En menos de ocho días, la ciudad entera de Buenos Aires quedó pintada de colorado. Hombres, mujeres, niños, todo el mundo estaba con el pincel en la mano pintando las puertas, las ventanas, las rejas, los frisos exteriores, de día, y muchas veces hasta en alta noche. Y mientras parte de una familia se ocupaba de aquello, la otra envolvía, ocultaba, borraba o rompía cuanto en el interior de la casa tenía una lista azul o verde. Era un trabajo del alma y del cuerpo, sostenido de sol a sol, y que no daba a nadie, sin embargo, la seguridad salvadora que buscaba.
La mayor parte de las casas había quedado sin sirvientes.

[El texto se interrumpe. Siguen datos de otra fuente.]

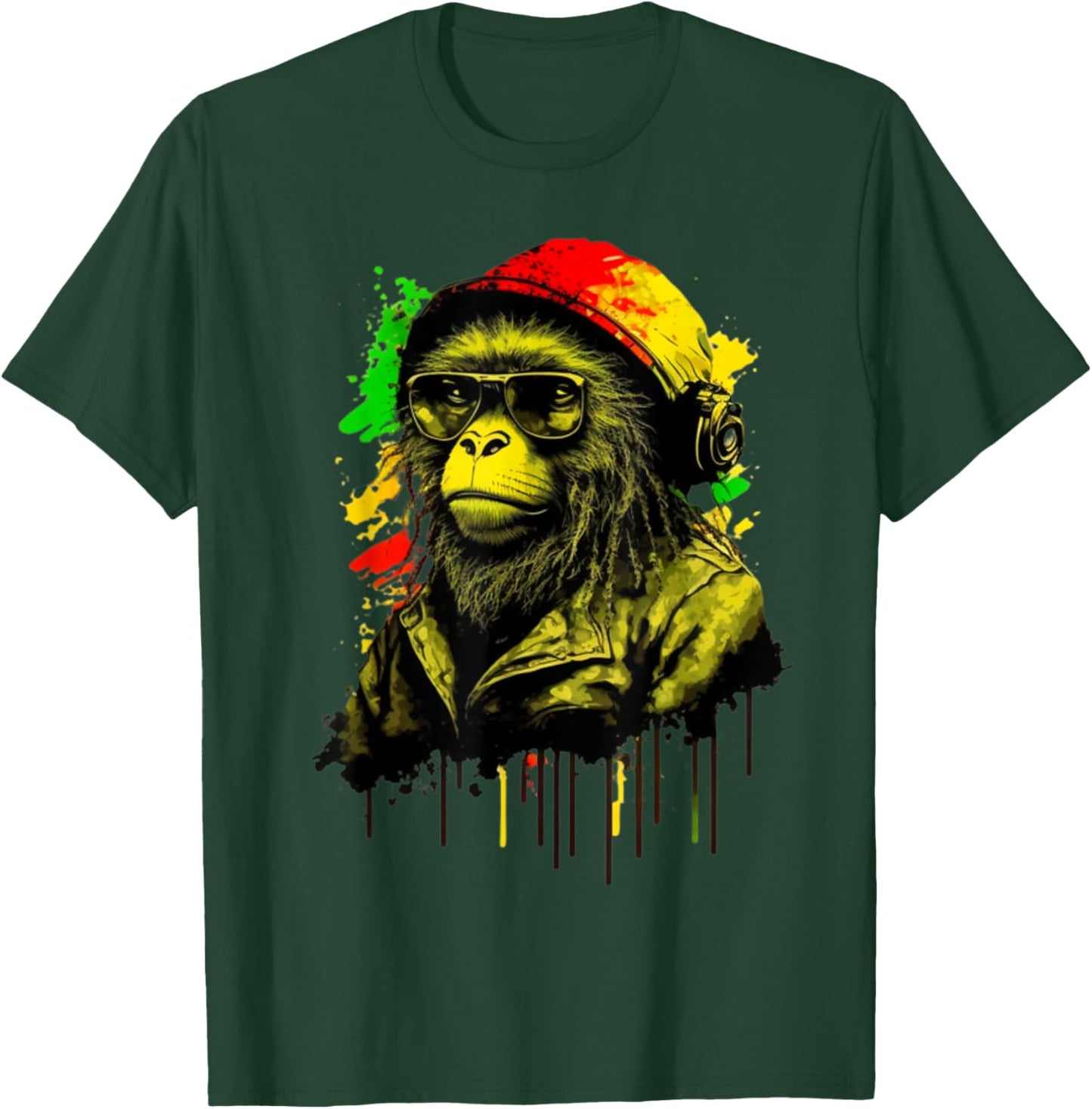 Rasta Monkey Stylish Rastafari Design Reggae & Jamaica Vibes T-Shirt - T-Shirt | Forest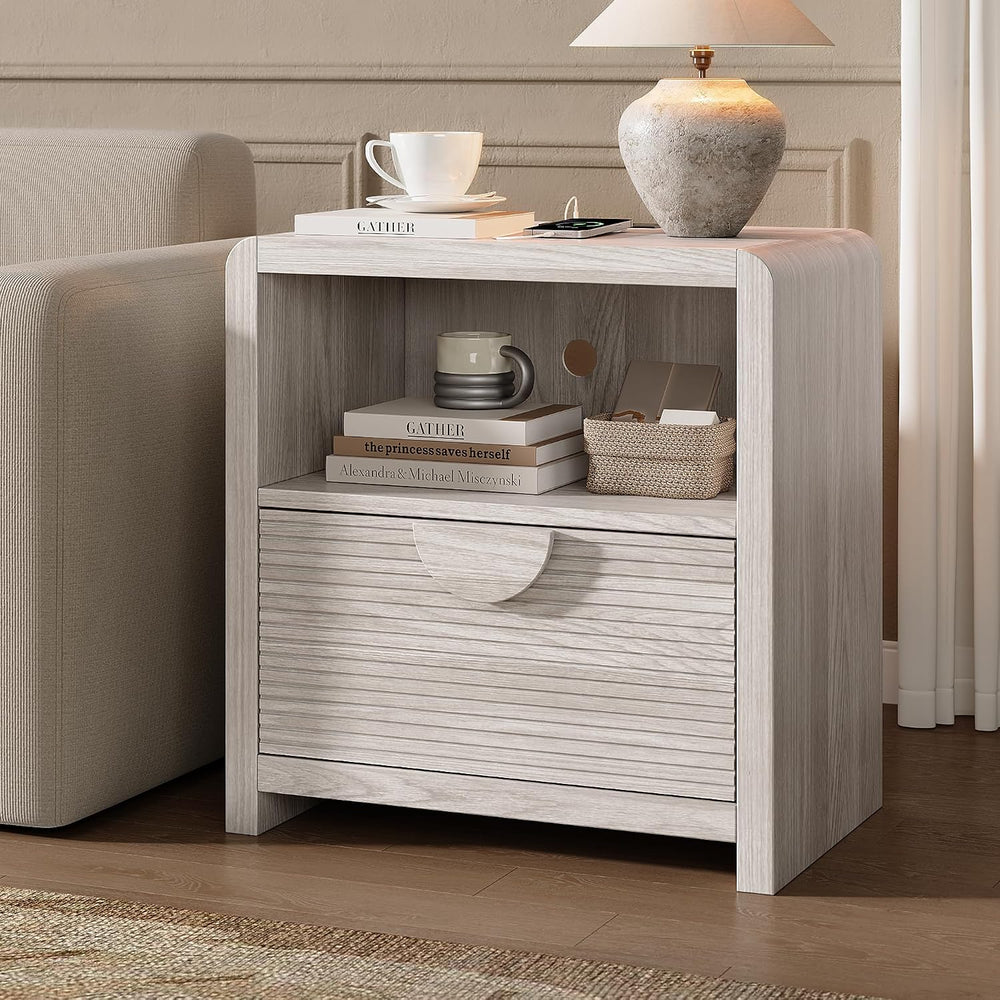 Fluted Nightstands Set of 2 with Charging Station, 23" Wide Wood Bedside...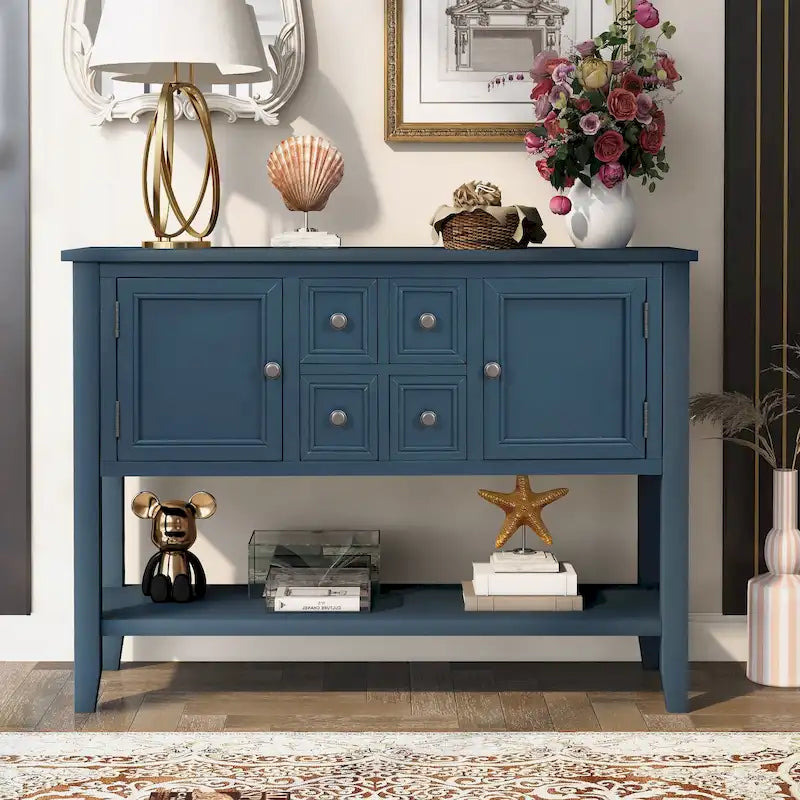 Wood Buffet Sideboard with Drawers and Bottom Shelf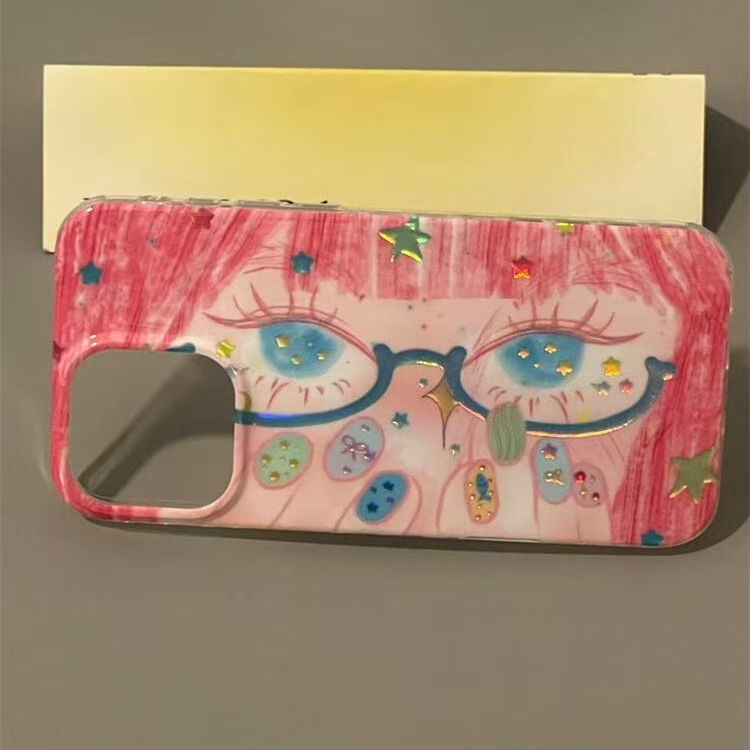 Hair Blue Glasses Laser-Printed Star Design Phone Case For Nail Art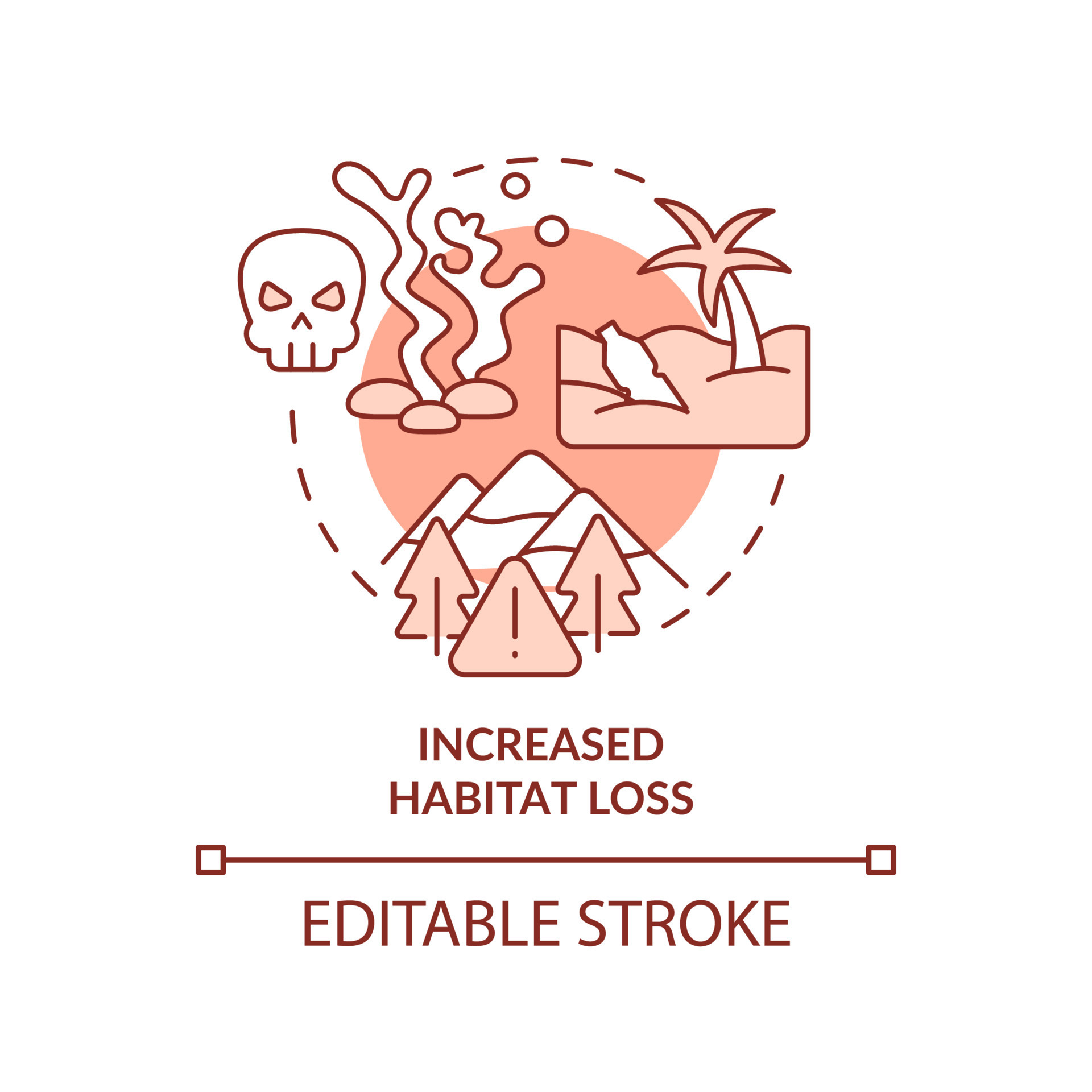 Increased habitat loss terracotta concept icon. Overpopulation effect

La ciudad se había convertido en una especie de cementerio de vivos. Y por encima de las azoteas, o con salidas de carrera, los vecinos se comunicaban las noticias que sabían de la Mazorca.
Este famoso club de asesinos corría las calles día y noche, aterrando, asesinando y robando, a la vez que en Santos Lugares, en la cárcel y en los cuarteles de Mariño y de Cuitiño, se le hacía coro con la agonía de las víctimas.